If I needed to buy a new laptop for myself, the P50 would be in the running, though like you I'd prefer it with a smaller screen. There is a P40 and while the name suggests it's just like the P50 but smaller, in reality it's one of those convertible tablet/laptop things and really is a completely different kind of machine.
I'm still hoping Lenovo actually puts the Thinkpad Retro into production but the prospects aren't looking too good.
(Score: 2) by bzipitidoo on Saturday December 03 2016, @05:31AM
I'm also eager to see Zen hit the market. I find the $100 stick computers very interesting, but the good x86 ones are all Intel, with Intel's integrated graphics. Admittedly, Intel's integrated graphics have improved tremendously from the days of being a complete laughingstock, barely able to update the screen acceptably fast for word processing, never mind any real gaming. I checked into what AMD had to compete with an Atom Z8300, and learned that currently, they don't have anything to match it. AMD products capable of about the same level of performance take 3 times the power, while those that use about the same amount of power are half the performance.
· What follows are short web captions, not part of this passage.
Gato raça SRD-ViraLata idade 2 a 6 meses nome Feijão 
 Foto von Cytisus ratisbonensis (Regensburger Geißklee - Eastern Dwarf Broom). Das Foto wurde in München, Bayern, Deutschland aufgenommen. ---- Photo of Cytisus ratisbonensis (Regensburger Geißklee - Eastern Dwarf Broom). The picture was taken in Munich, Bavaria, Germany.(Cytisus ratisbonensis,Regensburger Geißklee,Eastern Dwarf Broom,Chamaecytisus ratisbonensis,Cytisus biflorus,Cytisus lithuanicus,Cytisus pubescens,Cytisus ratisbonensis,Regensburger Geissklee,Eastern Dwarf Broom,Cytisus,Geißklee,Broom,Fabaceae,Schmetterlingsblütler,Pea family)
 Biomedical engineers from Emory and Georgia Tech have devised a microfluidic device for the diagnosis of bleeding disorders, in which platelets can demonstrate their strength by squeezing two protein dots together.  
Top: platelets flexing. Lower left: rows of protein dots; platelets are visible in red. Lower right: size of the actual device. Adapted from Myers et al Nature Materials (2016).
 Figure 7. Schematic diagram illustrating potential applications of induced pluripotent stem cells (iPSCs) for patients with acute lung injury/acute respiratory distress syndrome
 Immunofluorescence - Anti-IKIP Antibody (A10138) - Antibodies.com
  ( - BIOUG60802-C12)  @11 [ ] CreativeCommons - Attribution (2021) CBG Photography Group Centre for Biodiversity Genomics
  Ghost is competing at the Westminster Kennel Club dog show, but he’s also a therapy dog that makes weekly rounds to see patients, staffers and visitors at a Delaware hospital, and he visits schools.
(Score: 2) by tonyPick on Saturday December 03 2016, @09:33AM
Late to the party, but I'll point at PC specialist [pcspecialist.co.uk] if you're in europe/the UK, who supplied the laptop I'm on right now. (a Clevo 650SJ, I believe) and do a few VGA capable base models in the laptops range.
The killer feature for me on these is that it supports both a VGA and an HDMI port, and it can run both of those plus the internal screen at 1920*1080 simultaneously, giving a laptop with triple display support out of the box, as well as flexible external presentation capabilities.
(Score: 2) by takyon on Saturday December 03 2016, @06:56PM
Unless it appears on a deals site like Slickdeals.net (or UK equivalent), I ain't buying it.